LORD, Albert Bates
A.B. Harvard, 1934; A.M. (comp. lit.) 1936; jr. fell. Society of Fellows, 1937-40; Ph.D. (comp. lit.), 1949.
"The Singer of Tales" (Harvard, 1949); printed (Cambridge, 1950)
- Professional Experience:
Collected folk poetry in Yugoslavia, 1934-5, 1937, 1950-1, 1961-4, 1966-7; Albania, 1937, Bulgaria, 195§-9; Guggenheim fell., 1949-50; lctr. Slavic Harvard, 1950-2; asso. prof. Slavic langs. & lit., 1952-8; prof. Slavic & comp. lit., 1958-72; Arthur Kingsley Porter prof., 1972-83; hon. curator, Milman Parry Coll. Oral Lit. Harvard, 1959-91; Order of St. Sava (Yugoslavia); fell. AAAS.

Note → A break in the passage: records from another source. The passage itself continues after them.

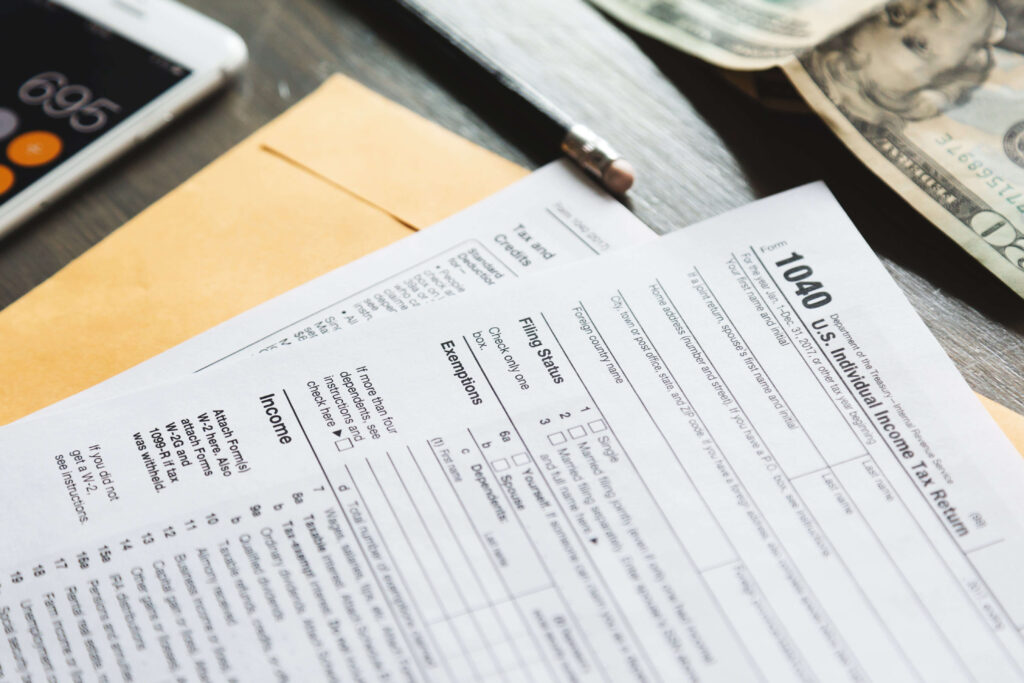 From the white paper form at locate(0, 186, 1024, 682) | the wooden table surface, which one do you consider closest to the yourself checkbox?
the white paper form at locate(0, 186, 1024, 682)

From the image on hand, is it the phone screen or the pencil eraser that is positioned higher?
the pencil eraser

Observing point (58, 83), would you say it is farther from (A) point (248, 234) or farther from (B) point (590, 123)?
(B) point (590, 123)

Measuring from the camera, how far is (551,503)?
1.22ft

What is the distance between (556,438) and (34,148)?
1.14 feet

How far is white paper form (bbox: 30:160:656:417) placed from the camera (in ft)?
1.42

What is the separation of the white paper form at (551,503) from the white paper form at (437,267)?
0.10 ft

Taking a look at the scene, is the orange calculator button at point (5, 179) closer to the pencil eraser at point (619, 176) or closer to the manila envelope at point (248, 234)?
the manila envelope at point (248, 234)

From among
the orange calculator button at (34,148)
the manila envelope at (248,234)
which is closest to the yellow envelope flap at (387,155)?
the manila envelope at (248,234)

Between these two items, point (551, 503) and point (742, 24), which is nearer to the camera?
point (551, 503)

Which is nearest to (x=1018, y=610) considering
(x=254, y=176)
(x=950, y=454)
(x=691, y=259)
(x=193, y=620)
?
(x=950, y=454)

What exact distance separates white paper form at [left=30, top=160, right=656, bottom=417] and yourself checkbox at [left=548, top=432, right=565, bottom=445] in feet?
0.31

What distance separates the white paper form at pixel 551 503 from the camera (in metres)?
0.34

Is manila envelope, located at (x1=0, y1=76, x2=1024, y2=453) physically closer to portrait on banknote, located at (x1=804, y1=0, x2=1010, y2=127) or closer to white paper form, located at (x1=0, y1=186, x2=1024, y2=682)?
white paper form, located at (x1=0, y1=186, x2=1024, y2=682)

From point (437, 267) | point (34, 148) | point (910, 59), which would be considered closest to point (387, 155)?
point (437, 267) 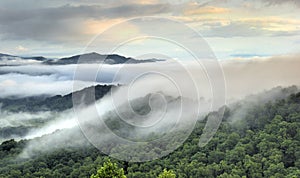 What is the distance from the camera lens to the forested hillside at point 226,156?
56.0 metres

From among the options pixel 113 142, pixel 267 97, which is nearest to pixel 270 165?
pixel 113 142

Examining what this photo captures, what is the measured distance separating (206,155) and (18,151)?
33.6 m

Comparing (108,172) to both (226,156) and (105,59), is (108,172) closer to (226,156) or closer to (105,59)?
(105,59)

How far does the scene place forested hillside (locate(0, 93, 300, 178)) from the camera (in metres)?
56.0

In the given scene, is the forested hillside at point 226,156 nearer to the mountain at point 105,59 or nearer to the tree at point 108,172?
the mountain at point 105,59

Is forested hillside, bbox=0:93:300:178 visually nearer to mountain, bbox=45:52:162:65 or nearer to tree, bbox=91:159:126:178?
mountain, bbox=45:52:162:65

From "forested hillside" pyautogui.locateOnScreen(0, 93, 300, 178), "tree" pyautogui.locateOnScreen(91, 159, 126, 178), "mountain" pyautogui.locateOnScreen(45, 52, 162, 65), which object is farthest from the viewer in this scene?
"forested hillside" pyautogui.locateOnScreen(0, 93, 300, 178)

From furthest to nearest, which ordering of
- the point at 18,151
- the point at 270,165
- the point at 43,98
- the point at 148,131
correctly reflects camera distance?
the point at 43,98, the point at 18,151, the point at 270,165, the point at 148,131

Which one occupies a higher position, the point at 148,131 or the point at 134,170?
the point at 148,131

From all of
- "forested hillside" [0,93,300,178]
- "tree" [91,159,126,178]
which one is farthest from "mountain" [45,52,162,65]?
"forested hillside" [0,93,300,178]

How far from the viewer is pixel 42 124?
14988 cm

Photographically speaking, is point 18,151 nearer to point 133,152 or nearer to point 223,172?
point 133,152

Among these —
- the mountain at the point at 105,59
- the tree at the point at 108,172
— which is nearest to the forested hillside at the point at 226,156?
the mountain at the point at 105,59

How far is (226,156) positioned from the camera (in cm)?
6044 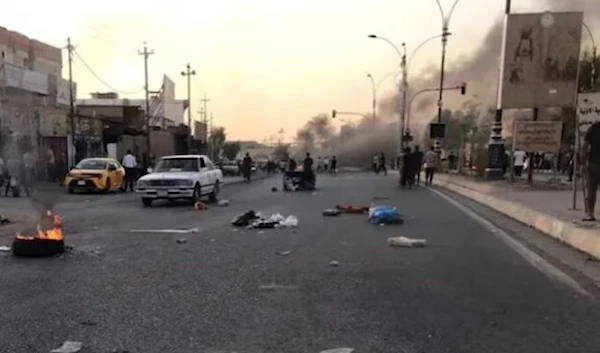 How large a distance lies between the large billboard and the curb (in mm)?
5157

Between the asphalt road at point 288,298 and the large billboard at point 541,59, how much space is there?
13.5 m

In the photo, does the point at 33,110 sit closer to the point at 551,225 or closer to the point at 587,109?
the point at 587,109

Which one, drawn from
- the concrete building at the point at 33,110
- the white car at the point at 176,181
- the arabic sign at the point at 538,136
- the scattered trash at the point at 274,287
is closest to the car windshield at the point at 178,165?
the white car at the point at 176,181

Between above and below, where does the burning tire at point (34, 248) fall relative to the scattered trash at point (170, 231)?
above

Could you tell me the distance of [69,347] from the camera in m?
5.24

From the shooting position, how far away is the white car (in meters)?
20.7

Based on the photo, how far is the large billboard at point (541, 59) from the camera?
77.4 ft

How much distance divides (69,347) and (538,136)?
20896 mm

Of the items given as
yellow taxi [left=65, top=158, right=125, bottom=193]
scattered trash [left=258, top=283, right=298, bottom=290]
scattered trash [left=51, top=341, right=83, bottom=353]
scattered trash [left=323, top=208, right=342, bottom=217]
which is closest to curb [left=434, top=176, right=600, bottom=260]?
scattered trash [left=323, top=208, right=342, bottom=217]

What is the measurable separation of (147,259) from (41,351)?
4574 millimetres

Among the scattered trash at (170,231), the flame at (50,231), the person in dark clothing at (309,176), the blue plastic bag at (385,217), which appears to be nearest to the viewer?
the flame at (50,231)

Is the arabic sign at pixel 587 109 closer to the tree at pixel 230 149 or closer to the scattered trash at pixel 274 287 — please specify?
the scattered trash at pixel 274 287

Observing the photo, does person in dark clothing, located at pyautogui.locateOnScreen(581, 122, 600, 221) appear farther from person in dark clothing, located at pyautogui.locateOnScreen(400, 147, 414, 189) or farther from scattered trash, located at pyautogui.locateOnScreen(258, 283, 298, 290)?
person in dark clothing, located at pyautogui.locateOnScreen(400, 147, 414, 189)

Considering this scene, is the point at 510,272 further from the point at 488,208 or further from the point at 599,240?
the point at 488,208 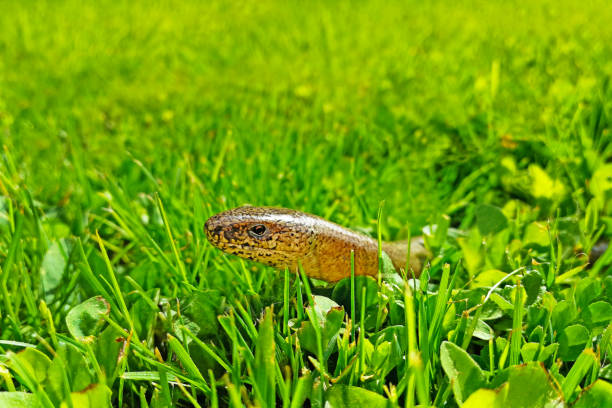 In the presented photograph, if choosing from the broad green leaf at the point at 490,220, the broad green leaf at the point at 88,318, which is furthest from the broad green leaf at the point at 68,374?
the broad green leaf at the point at 490,220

(Books only): Serbo-Croatian Folk Songs, with Bela Bartok (New York, 1951); Serbo-Croatian Heroic Songs, vols. 1 & 2 (Cambridge & Belgrade, 1953-4), vols. 3 & 4, with David E. Bynum (1975); Beginning Serbocroatian (The Hague, 1958); Umbundu: Folk Tales from Angola (Boston, 1962); Beginning Bulgarian, with David E. Bynum (The Hague, 1962); A Bulgarian Literary Reader (Cambridge, 1962); The Wedding of Smailagic Meho (Cambridge, 1974); Yugoslav Folk Music, with Bela Bartók, ed. Benjamin Suchoff (Albany, NY, 1978); Serbo-Croatian Folk Songs and Instrumental Pieces from the Milman Parry Collection (Albany, NY, 1978); Epic Singers and Oral Tradition (Ithaca, NY, 1991).Festschrift: Oral Traditional Literature: A Festschrift for Albert Bates Lord, ed. John Miles Foley (Columbus, OH, 1981).

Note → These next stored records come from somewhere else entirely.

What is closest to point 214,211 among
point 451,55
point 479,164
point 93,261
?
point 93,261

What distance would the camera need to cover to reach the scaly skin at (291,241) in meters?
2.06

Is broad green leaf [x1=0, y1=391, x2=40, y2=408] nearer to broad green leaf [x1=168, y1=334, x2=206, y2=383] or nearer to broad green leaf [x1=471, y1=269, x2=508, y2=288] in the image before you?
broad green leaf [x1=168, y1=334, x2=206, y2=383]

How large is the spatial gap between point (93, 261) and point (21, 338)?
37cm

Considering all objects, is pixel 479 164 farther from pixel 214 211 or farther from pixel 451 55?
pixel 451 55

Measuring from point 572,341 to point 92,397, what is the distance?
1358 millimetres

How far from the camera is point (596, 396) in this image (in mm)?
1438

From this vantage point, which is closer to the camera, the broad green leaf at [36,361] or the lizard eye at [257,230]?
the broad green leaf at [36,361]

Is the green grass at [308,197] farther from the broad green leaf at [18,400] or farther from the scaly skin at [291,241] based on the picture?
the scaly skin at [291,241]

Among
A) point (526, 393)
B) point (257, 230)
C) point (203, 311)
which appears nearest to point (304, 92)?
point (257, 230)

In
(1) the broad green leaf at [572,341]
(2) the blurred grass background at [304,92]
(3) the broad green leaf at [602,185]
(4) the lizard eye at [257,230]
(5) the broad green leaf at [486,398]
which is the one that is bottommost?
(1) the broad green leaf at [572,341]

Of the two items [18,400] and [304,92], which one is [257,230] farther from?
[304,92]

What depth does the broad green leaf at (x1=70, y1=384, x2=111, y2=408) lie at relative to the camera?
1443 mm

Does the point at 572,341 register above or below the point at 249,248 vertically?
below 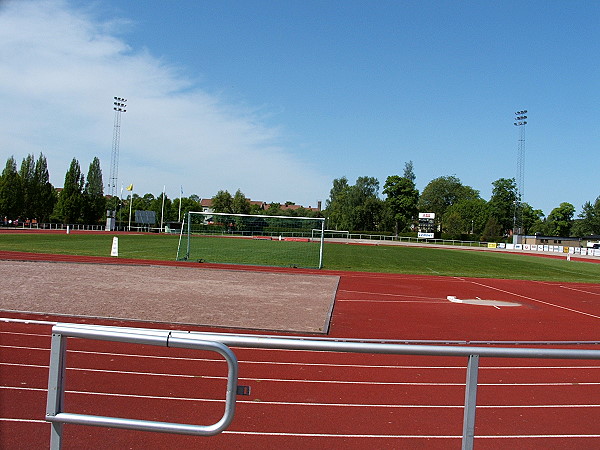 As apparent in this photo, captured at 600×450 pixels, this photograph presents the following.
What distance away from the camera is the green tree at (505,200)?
374 feet

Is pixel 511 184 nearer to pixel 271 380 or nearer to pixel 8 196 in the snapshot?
pixel 8 196

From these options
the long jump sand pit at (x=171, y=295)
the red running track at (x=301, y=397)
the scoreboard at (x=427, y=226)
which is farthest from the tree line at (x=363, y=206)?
the red running track at (x=301, y=397)

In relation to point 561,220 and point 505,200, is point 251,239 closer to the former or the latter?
point 505,200

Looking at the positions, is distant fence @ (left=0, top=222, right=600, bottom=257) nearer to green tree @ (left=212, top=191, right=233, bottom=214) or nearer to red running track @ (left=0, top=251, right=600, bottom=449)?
green tree @ (left=212, top=191, right=233, bottom=214)

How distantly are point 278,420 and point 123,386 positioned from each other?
1.83m

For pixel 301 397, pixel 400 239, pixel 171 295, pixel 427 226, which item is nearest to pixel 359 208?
pixel 400 239

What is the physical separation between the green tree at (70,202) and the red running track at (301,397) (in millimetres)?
76614

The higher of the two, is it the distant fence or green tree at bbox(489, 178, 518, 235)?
green tree at bbox(489, 178, 518, 235)

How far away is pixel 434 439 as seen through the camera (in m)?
4.31

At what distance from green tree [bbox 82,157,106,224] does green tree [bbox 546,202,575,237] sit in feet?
370

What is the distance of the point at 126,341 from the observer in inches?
105

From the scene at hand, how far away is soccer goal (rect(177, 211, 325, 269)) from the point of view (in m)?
27.0

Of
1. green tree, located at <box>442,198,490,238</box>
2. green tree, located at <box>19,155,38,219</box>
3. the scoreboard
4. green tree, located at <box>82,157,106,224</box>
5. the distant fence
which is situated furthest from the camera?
green tree, located at <box>442,198,490,238</box>

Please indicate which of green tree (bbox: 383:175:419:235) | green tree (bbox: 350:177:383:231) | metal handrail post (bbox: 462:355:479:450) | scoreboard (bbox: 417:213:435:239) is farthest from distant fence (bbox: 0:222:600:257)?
metal handrail post (bbox: 462:355:479:450) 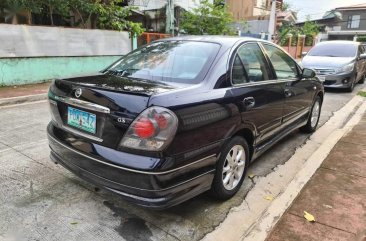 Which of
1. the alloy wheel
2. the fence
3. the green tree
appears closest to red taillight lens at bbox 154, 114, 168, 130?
the alloy wheel

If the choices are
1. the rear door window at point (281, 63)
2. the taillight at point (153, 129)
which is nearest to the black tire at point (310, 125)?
the rear door window at point (281, 63)

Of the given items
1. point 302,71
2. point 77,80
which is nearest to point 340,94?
point 302,71

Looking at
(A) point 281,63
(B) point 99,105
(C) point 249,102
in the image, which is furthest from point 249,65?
(B) point 99,105

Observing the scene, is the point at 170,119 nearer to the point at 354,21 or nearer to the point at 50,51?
the point at 50,51

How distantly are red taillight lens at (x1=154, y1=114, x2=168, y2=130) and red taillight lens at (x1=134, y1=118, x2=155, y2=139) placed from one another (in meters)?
0.05

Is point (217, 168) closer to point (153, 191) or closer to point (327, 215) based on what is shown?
point (153, 191)

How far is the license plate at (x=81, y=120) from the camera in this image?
2734mm

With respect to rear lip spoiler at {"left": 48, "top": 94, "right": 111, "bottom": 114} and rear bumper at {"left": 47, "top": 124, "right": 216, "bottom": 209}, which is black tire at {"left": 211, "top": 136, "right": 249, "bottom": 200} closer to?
rear bumper at {"left": 47, "top": 124, "right": 216, "bottom": 209}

Albert Bates Lord was a student of Milman Parry with whom he collected examples of oral poetry during the academic year 1934-5 spent in Yugoslavia. After Parry's death he continued the field work in Yugoslavia and Albania in 1937, and again as Guggenheim Fellow in 1949-50, returning in 1961-4 for an extended stay in Yugoslavia. In 1958 he was in Bulgaria collecting songs, and thereafter he spent summers in the Balkans collecting material. Lord is significant for having made the study of traditional oral narrative a conventional academic discipline in a constantly growing number of universities. With Parry he worked out a theory that accounted for the creation and transmission of the Homeric poems in a preliterate society and from that he went on to study the nature of orality around the world. In 1988 he was honored both by the Yugoslavian government and by the American Folklore Society, whereby his immense contributions to the study of Southslavic literature and to the folk literature of the world were acknowledged. All students of oral literature around the world are in his debt.